STRAWBERRY TART
Serves 8
200g sweet short crust pastry
Custard
5 egg yolks
¾ cup caster sugar
1 tsp vanilla
3 Tbsp cornflour
1½ cup milk, hot
1 Tbsp butter
To serve
1 punnet strawberries
2 Tbsp strawberry jam
Cream
- Heat an oven to 180C.
- Line a 22cm tart tin with pastry and bake blind for 15 minutes, or until cooked but not browned.
- In a bowl beat the egg yolks, sugar and vanilla until light and creamy. Add the cornflour and mix through.
- In a pot, heat the milk until it reaches boiling point, then slowly add to the egg mixture beating until all combined. Place it back into a clean pot.

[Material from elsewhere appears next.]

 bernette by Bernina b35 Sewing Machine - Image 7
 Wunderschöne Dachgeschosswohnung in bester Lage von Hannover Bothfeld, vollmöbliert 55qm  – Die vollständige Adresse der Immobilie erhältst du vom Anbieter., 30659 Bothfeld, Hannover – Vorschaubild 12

- Heat the custard, stirring continuously until it reaches boiling point and starts to thicken, about 5-7 minutes. You may think it is starting to curdle, but just stir vigorously.
- Remove from the heat, stir through the butter and strain into a bowl to cool. Place a piece of plastic wrap over it to stop a skin forming. When cold, spoon the custard into your pastry case.
- Arrange strawberries on top. Melt jam and brush the top of the tart. Refrigerate until ready to eat, then serve with cream.